→ EXERCISE INSTRUCTIONS
Give the number of lines in the records below that include the word "Apartment", and add nothing to it.

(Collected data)
# # # # #

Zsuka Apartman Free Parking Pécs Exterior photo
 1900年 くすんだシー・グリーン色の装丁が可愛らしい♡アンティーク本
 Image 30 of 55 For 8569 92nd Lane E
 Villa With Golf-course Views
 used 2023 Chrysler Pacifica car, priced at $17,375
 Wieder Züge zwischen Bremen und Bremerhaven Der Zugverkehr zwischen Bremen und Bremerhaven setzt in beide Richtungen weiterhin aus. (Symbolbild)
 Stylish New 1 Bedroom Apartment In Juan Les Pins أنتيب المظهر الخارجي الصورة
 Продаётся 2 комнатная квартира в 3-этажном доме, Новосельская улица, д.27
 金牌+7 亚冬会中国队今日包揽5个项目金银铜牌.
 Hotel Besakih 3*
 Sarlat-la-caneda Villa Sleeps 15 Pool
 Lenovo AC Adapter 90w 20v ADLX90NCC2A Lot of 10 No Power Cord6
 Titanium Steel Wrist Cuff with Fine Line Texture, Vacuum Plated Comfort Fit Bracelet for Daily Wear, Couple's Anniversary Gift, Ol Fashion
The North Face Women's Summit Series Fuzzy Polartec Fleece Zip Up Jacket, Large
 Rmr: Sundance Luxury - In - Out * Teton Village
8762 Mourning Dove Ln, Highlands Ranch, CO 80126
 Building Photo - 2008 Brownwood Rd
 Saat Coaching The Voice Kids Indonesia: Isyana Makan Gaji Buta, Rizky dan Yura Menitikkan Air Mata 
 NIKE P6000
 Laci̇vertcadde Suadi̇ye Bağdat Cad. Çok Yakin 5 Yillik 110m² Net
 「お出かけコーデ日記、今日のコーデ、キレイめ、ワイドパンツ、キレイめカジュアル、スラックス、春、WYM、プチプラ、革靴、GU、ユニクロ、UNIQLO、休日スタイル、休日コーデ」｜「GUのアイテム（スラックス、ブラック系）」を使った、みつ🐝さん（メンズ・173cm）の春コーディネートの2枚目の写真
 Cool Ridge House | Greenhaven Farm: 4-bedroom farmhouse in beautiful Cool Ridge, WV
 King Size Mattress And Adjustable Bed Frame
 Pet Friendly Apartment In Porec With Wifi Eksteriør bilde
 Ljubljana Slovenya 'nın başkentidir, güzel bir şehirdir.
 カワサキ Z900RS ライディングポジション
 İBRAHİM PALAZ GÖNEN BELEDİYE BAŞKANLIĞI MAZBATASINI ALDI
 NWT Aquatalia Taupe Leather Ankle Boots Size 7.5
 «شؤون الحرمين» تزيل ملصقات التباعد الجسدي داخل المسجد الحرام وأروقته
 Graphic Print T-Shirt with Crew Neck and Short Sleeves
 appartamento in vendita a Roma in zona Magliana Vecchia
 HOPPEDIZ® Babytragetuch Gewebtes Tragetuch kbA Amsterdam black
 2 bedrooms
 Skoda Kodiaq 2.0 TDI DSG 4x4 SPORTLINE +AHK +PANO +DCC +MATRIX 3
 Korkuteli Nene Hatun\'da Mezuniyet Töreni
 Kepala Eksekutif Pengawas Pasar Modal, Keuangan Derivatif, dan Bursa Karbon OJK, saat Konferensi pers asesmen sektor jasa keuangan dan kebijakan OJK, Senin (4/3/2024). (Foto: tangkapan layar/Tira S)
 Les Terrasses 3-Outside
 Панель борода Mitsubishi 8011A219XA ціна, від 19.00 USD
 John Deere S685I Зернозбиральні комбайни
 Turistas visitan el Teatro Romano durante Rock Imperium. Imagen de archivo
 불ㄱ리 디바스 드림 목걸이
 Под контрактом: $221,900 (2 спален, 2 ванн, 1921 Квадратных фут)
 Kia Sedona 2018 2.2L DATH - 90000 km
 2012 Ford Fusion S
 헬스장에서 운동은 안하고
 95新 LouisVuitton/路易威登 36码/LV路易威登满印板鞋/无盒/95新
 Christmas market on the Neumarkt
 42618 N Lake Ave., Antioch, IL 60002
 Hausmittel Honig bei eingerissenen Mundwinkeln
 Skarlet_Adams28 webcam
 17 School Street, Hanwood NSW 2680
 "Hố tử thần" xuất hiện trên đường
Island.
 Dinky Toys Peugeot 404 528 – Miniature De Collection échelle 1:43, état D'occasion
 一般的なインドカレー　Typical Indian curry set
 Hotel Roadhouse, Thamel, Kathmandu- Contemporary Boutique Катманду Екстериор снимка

# # # # #

→ TASK RESULT
2